▶ What needs to be done: No picture belongs in the copy. Repeat each line below exactly.

▶ Stored data:

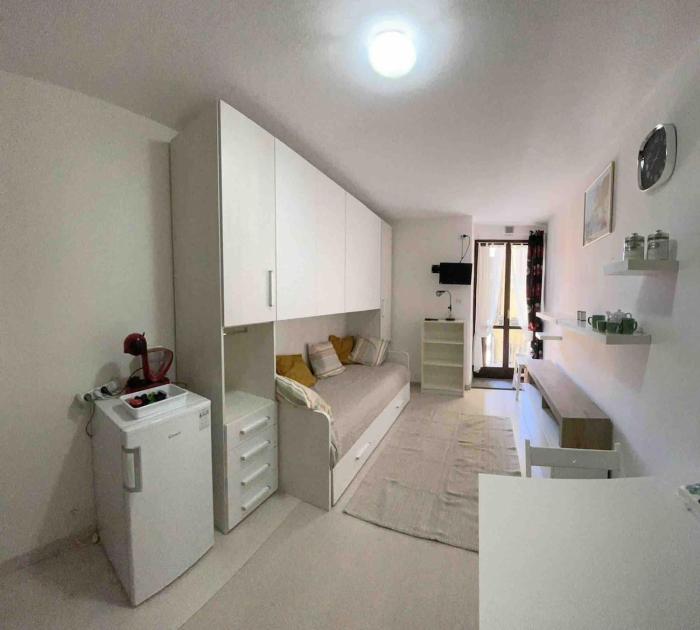 Studio apartment on the lake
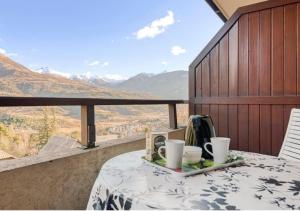 Appartements Superbe T2 avec vu sur la montagne : photos des chambres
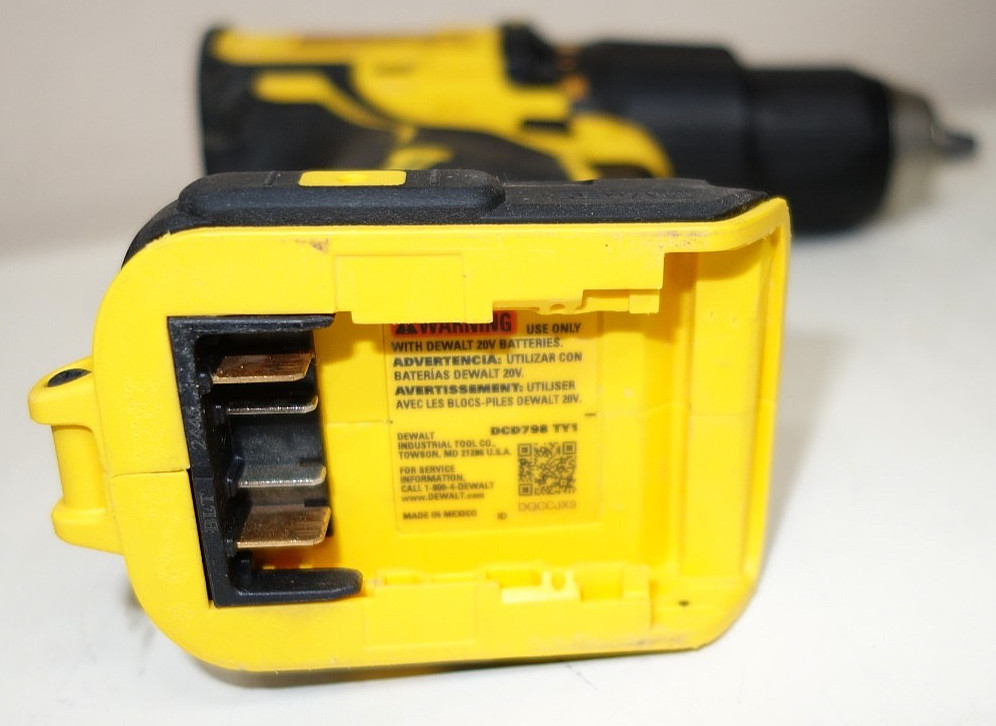 DeWALT 20V MAX Brushless Cordless 1/2&Prime; Hammer Drill DCD798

▶ Solution to the exercise:
 Studio apartment on the lake
 Appartements Superbe T2 avec vu sur la montagne : photos des chambres
 DeWALT 20V MAX Brushless Cordless 1/2&Prime; Hammer Drill DCD798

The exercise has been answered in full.